### Try it
Write out again the lines from the line with "Carte EX Gardiens du Pouvoir 52.png" up to and including the line with "アグー豚 (F1種) 南ぬ豚", exactly as they stand below, and skip any picture.

### Dataset records
*** Block opens ***

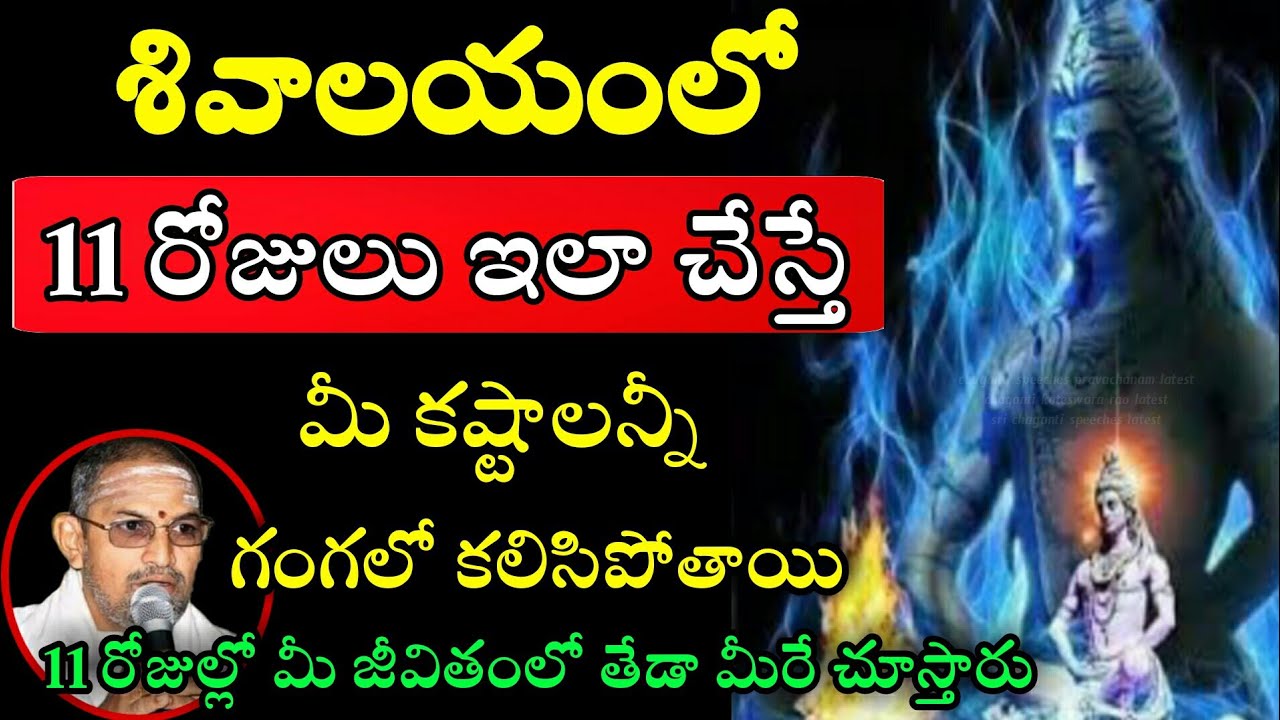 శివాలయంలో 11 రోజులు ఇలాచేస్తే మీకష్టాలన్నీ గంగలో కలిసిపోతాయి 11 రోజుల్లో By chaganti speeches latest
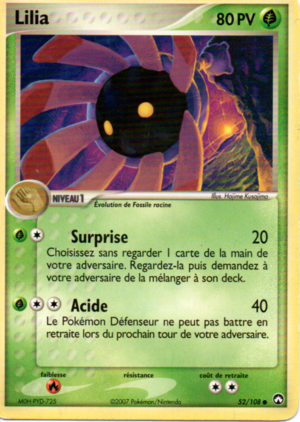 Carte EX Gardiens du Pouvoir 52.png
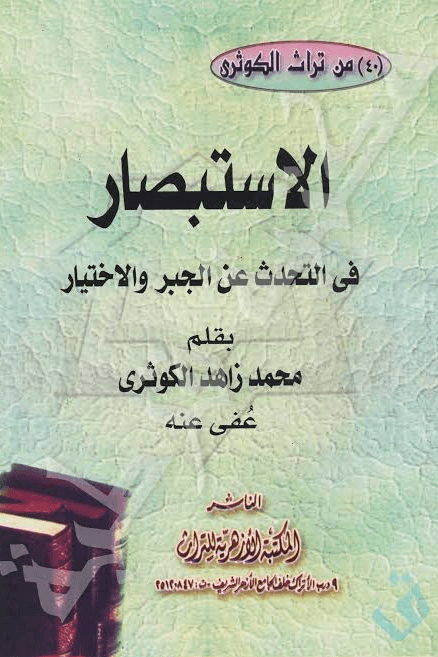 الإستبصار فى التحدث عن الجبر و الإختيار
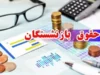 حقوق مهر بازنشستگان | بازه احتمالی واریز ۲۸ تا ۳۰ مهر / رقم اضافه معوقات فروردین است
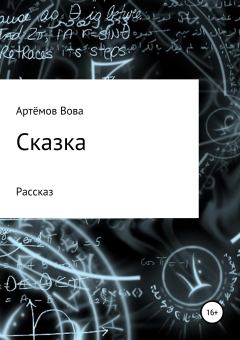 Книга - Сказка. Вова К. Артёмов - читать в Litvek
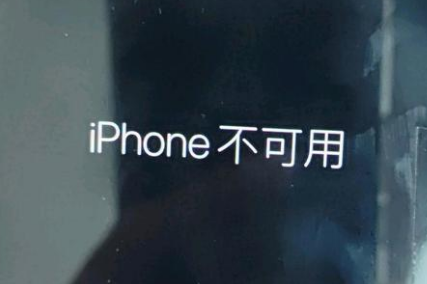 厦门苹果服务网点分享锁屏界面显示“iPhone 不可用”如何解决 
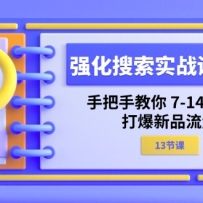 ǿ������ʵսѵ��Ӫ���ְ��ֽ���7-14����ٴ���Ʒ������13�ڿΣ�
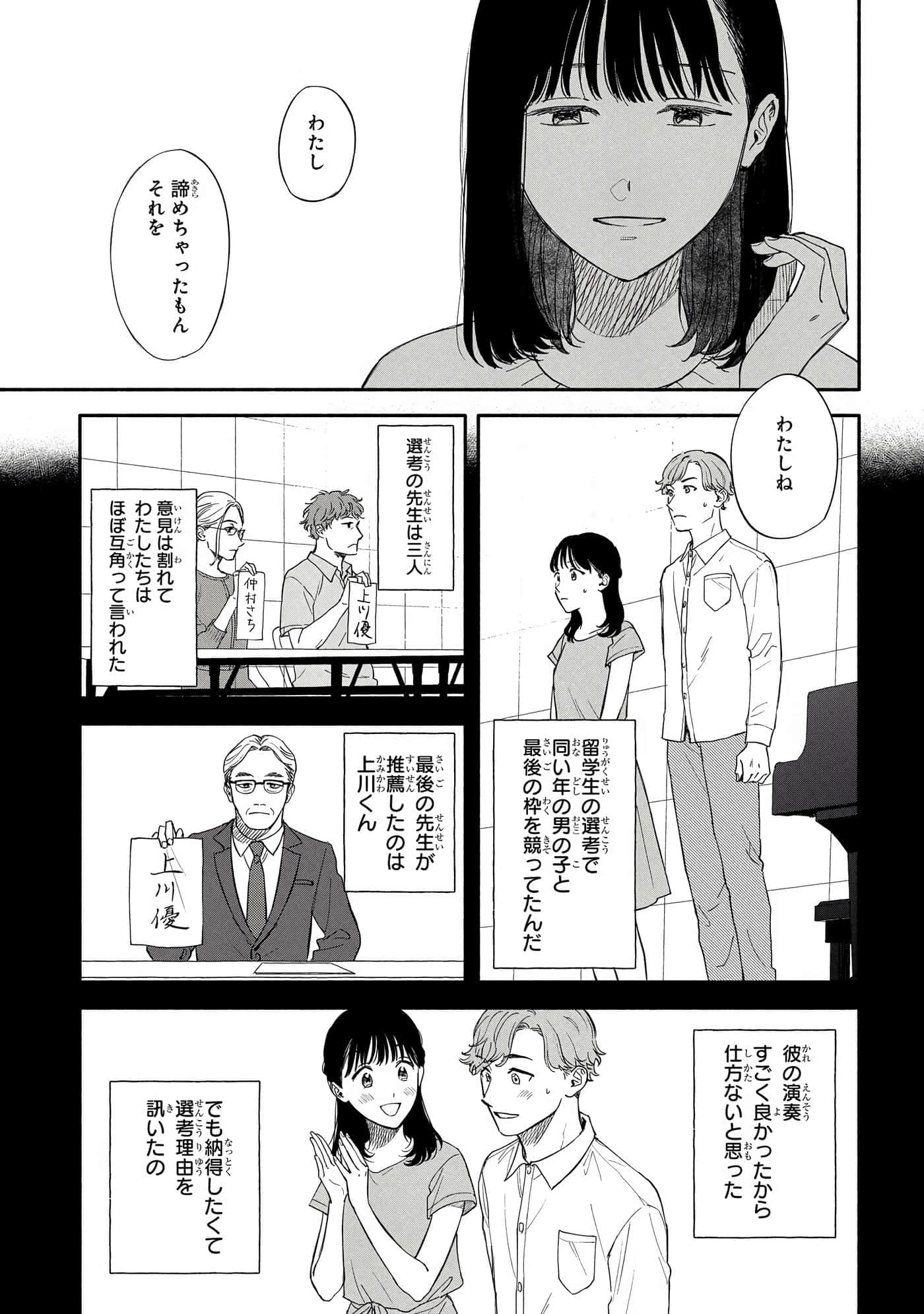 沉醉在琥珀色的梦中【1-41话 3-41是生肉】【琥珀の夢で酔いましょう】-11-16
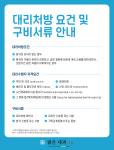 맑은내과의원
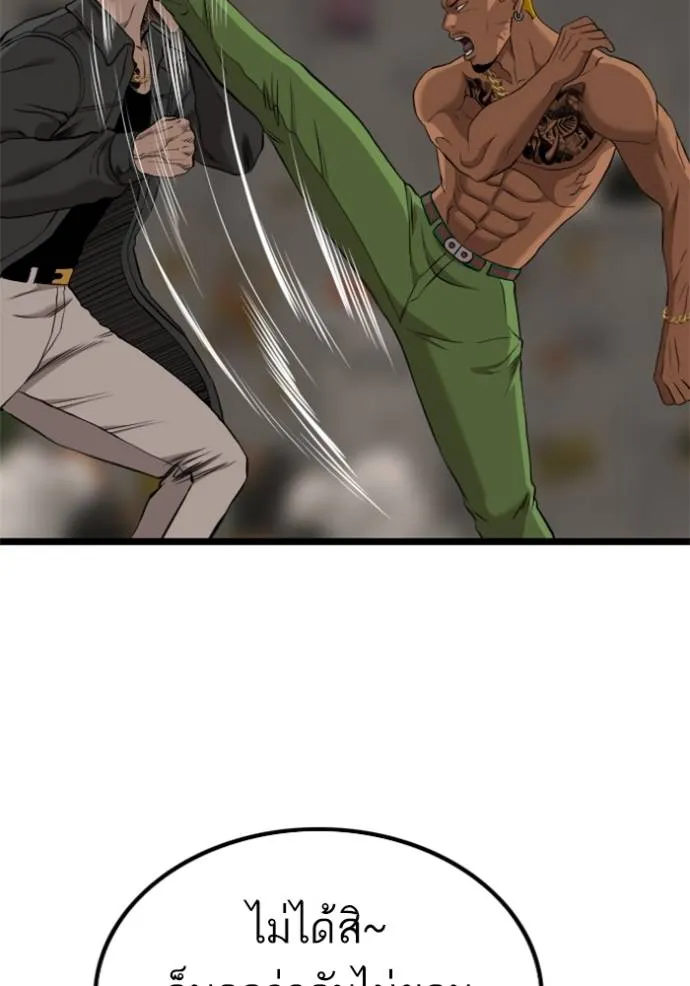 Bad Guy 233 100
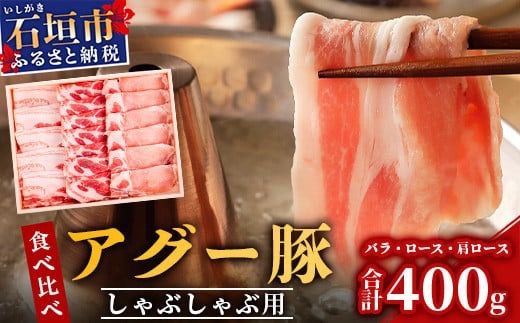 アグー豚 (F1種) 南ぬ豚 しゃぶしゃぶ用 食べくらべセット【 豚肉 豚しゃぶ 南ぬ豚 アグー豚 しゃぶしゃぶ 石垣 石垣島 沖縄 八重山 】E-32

*** Block closes ***
*** Block opens ***

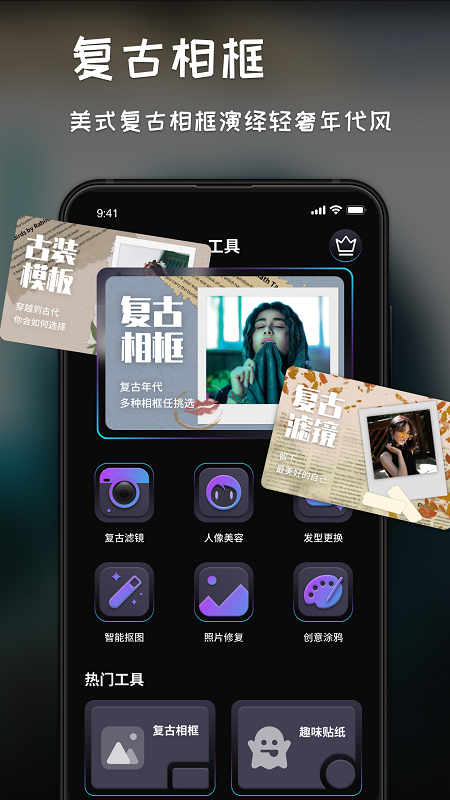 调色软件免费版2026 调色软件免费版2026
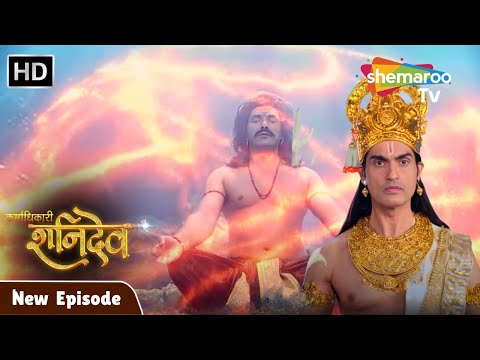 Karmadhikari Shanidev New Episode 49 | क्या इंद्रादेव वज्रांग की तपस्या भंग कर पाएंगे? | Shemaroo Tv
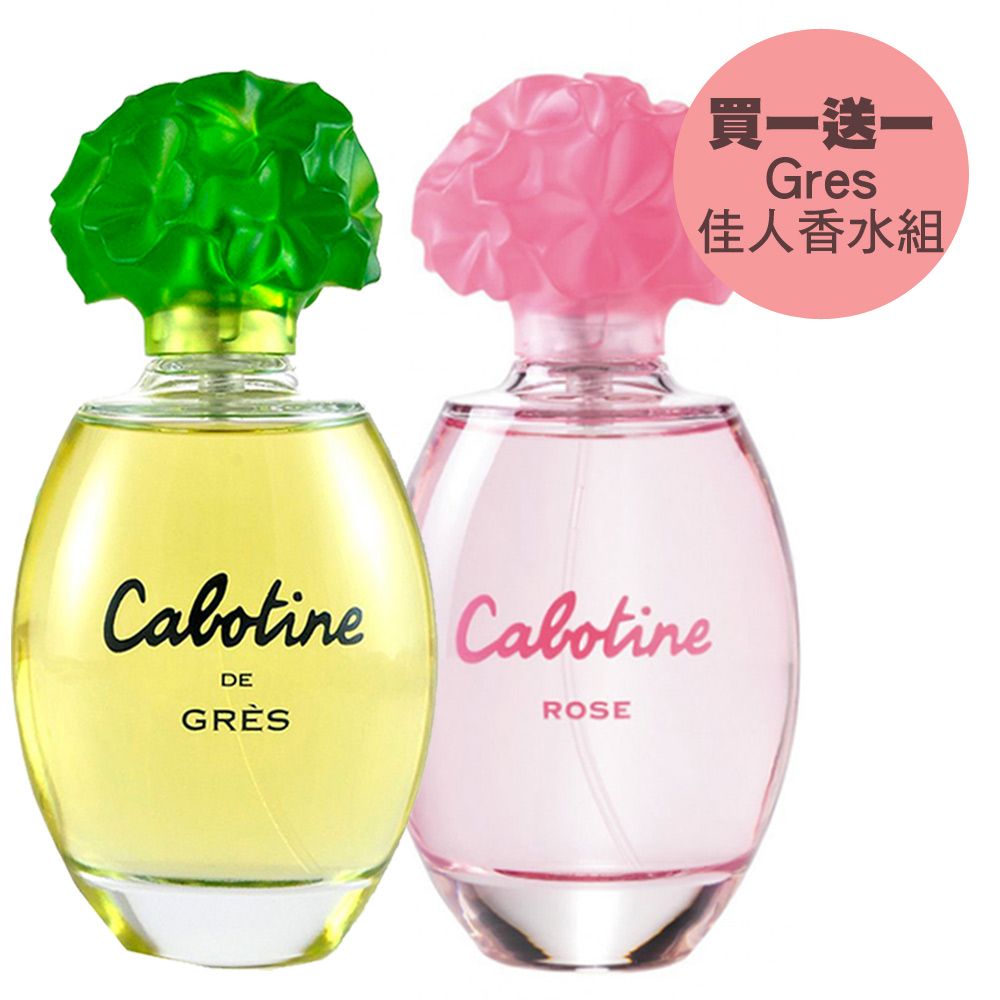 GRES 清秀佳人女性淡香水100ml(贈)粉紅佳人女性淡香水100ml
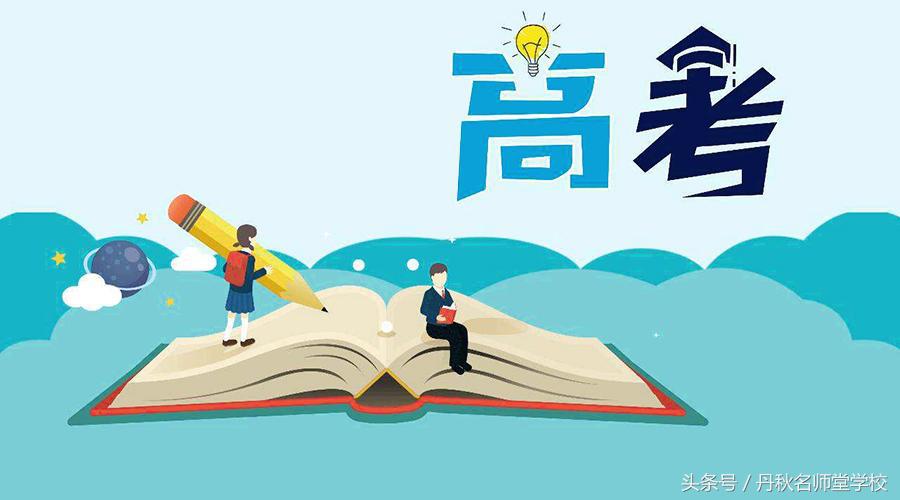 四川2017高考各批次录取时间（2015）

*** Block closes ***

### Output below
 Carte EX Gardiens du Pouvoir 52.png
 الإستبصار فى التحدث عن الجبر و الإختيار
 حقوق مهر بازنشستگان | بازه احتمالی واریز ۲۸ تا ۳۰ مهر / رقم اضافه معوقات فروردین است
 Книга - Сказка. Вова К. Артёмов - читать в Litvek
 厦门苹果服务网点分享锁屏界面显示“iPhone 不可用”如何解决 
 ǿ������ʵսѵ��Ӫ���ְ��ֽ���7-14����ٴ���Ʒ������13�ڿΣ�
 沉醉在琥珀色的梦中【1-41话 3-41是生肉】【琥珀の夢で酔いましょう】-11-16
 맑은내과의원
 Bad Guy 233 100
 アグー豚 (F1種) 南ぬ豚 しゃぶしゃぶ用 食べくらべセット【 豚肉 豚しゃぶ 南ぬ豚 アグー豚 しゃぶしゃぶ 石垣 石垣島 沖縄 八重山 】E-32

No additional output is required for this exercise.